2. If you're not booting from an SSD, you shouldn't use APFS as your regular boot drive. If you upgrade the internal, it should convert for you, if it's an SSD.

Also, Time Machine will not work on APFS. Do not format a Time Machine drive with APFS.

Al_from_Ottawa
12-14-2017, 09:00 PM
Thanks for the warning about Time Machine drives.

1. Why Shared Users not Shared Users and Applications? My main reason for using a sandbox is to verify compatibility of applications. So what's wrong with leaving the applications I want to test on the internal drive? Should make it quicker to clone, with no obvious downside. Or will strange things happen if I update low level applications such as 1Password while running the sandbox? Their updaters could detect OS version and do different things, so that if I reboot into Sierra on the internal drive things won't work?

2. You say the High Sierra installer will update an internal SSD to APFS. What will it do with an SSD sandbox external boot drive? Not that it is really critical, because if I do switch permanently to High Sierra, I will be running the installer again on my internal drive and at that point I will get switched to APFS.

dnanian
12-14-2017, 09:46 PM
1. I'm trying to isolate things more to improve your chance of not having to restore.
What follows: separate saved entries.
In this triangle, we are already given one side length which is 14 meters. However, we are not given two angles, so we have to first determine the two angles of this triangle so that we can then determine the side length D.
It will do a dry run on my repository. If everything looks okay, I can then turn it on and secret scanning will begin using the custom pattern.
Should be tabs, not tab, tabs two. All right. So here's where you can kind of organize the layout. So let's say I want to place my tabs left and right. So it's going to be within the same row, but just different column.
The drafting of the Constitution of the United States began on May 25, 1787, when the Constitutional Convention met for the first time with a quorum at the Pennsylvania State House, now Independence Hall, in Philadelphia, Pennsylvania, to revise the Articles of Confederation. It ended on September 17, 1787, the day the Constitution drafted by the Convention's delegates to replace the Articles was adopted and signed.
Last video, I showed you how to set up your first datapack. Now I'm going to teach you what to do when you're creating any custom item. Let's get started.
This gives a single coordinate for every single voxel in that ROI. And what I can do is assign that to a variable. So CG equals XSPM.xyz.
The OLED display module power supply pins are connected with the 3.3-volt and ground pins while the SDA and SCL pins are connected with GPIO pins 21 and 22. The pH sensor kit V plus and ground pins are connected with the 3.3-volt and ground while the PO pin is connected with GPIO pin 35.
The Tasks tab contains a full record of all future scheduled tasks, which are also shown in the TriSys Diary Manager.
2. It'll probably upgrade it to APFS.

Al_from_Ottawa
12-15-2017, 02:38 PM
Thanks. I'll try it that way and report the results in a week or two.

Al_from_Ottawa
12-22-2017, 08:17 PM
Progress report on using Sandbox to test High Sierra.

The Good

- With SSD at both ends, making the Sandbox was quick (under 50 GB to copy)
- I was able to verify that all my important apps work fine in High Sierra, including especially MS Office 2011, which is not officially supported there.
- The whole process was really simple and slick.

The Bad
- When running the sandbox, I could not connect to my AirPrint compatible laser printer.
- When I rebooted on the internal drive, which was of course still running Sierra, the reboot and setup took a very long time. Then several pop up dialogs kept asking me to enter my keychain password to unlock Local Items. The correct password was rejected (though it worked fine to unlock the Login and System keychains). Restarts (which took a normal length of time) did not help. Eventually I discovered that the keychain database had been corrupted (though there were no system messages to that effect). Fortunately I had a Time Machine backup taken immediately before I created the sandbox. Restoring the whole keychains folder from it eliminated the problem. The corruption may have happened during the setup process when I returned to Sierra, since there was no evidence of it when running the sandbox.
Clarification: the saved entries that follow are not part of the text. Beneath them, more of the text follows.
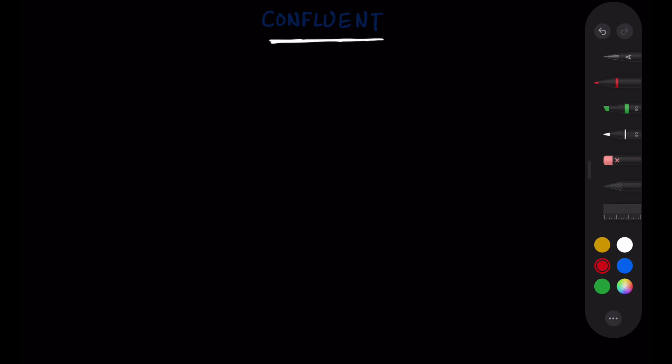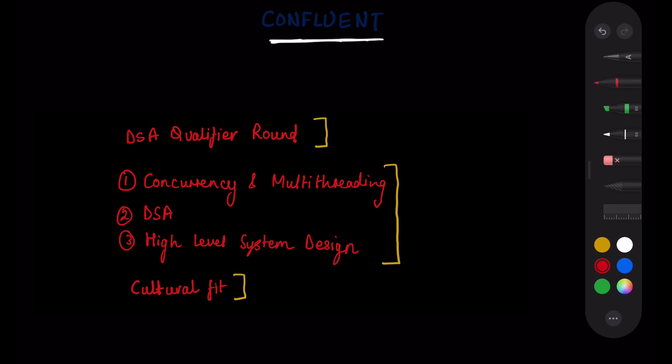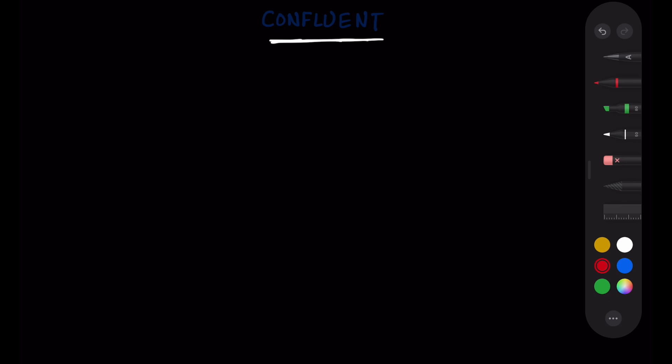And also the process generally comprises of five interview rounds. First is a DSA qualifier round. Once you clear this round you get to attend the next three technical interviews. These three rounds test concurrency programming, DSA and high level system design. And the last round is a cultural fit or behavioral interview. Now let's quickly discuss about the preparation required for the interviews.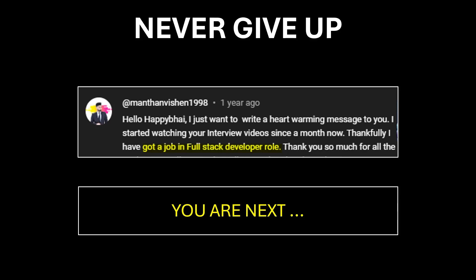Many candidates have accepted my 'never give up' challenge and got the job and cracked interviews. You can be the next one. Type 'never give up' in the comments to accept the challenge and share your story later when you make it.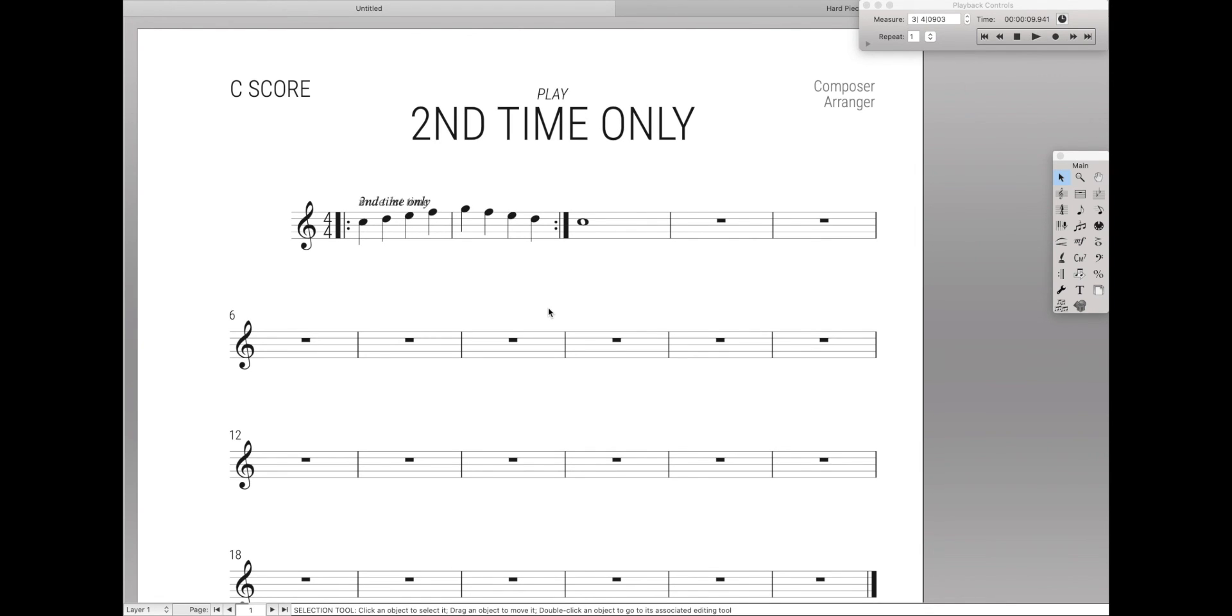Each week I'll post new videos about how to use Finale to its fullest, so if you don't want to miss out on any of those, make sure to subscribe and ring the bell so you get notified every time a new video comes out.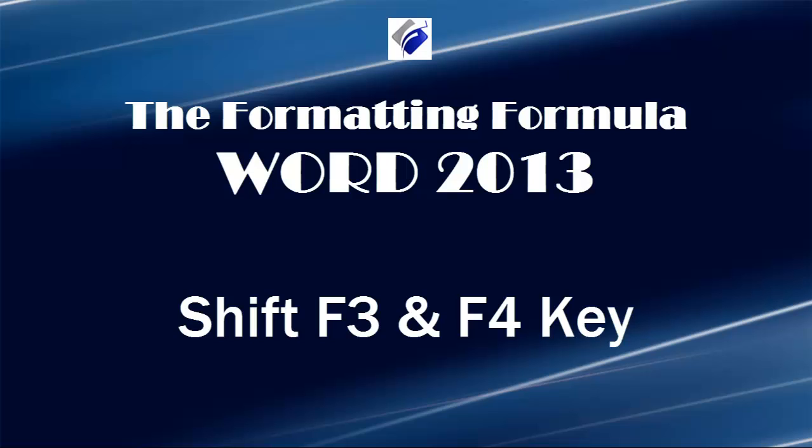Hi, Michelle Seitz here. You're watching Shift F3 and F4 key. Here's the scenario.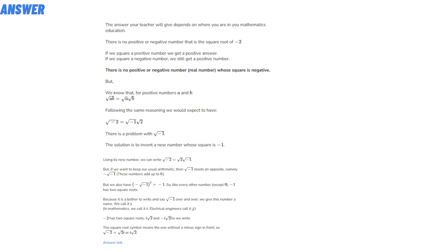We call it i. In mathematics, we call it i. Electrical engineers call it j. Minus two has two square roots: i times the square root of two, and minus i times the square root of two. We write the square root symbol to mean the one without a minus sign in front. So the square root of minus two equals the square root of two times i, or i times the square root of two.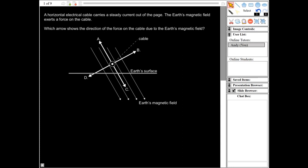This video is looking again at the May 2019 physics high-level multiple-choice paper. This is question 19. It says a horizontal electrical cable carries a steady current out of the page. The Earth's magnetic field exerts a force on the cable. Which arrow shows the direction of the force on the cable due to the Earth's magnetic field?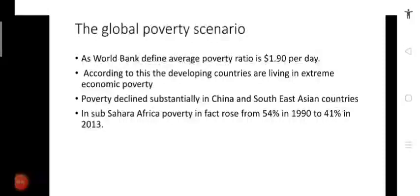Good morning students. This is ninth class, chapter three of Economics: Poverty as a Challenge. I am Joginder Kumar. In the previous video we read about poverty, the poverty line, inter-state disparities, and poverty according to social scientists — vulnerability and social exclusion. Here we are going to start our chapter from the global poverty scenario.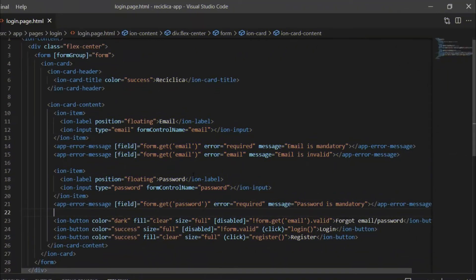In the previous video we created the form of our login page and also the error message for that form. The problem is that the code we ended up creating is being repeated three times only in the login screen, and it will probably be repeated many more times on other screens. So the idea here is to create a component to take care of this for us.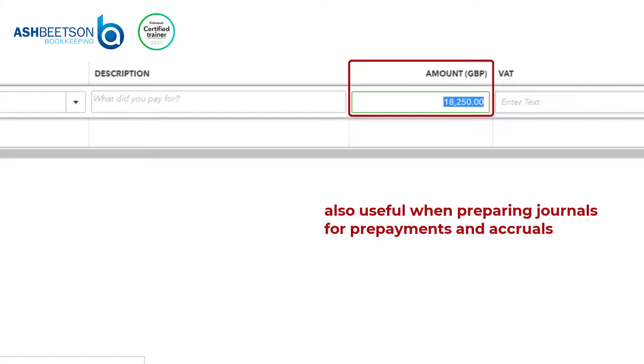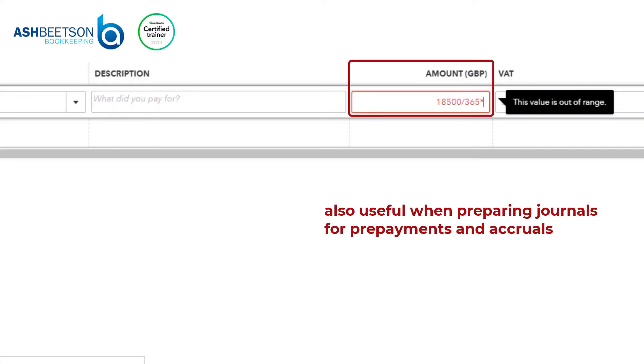I could take this a step further and put in there 18,500 divided by 365 multiplied by 30.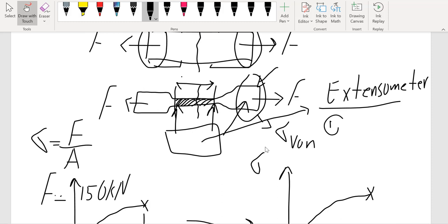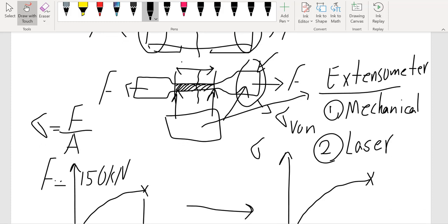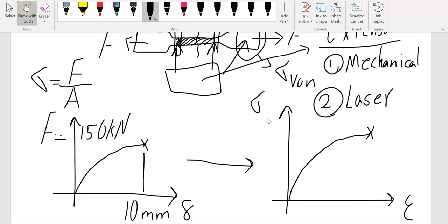Extensometers are either mechanical or laser-based. With a laser extensometer, you wrap a tape at two points on the specimen and use a camera with a laser to detect the movement. We are interested in the displacement at the gauge length specifically. The machine gives us the displacement of the whole specimen, not just the gauge length, which is why we prefer to use an extensometer — it gives a more accurate stress-strain curve.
Once I had fixed the keychains, I updated the internal drive to High Sierra. That went smoothly, and it has run well since. Printer works normally, so my problems were caused by the sandbox not by High Sierra.

So thanks for the Sandbox concept. Possibly some minor tweaks to the scripts might make it more fully transparent.

dnanian
12-22-2017, 10:03 PM
That sounds like High Sierra converted your Keychains to a new format. Since the keychain is local (in your account), it is something we cannot isolate. That's why I do say you should have a real backup as well.

No idea why your printer wouldn't work.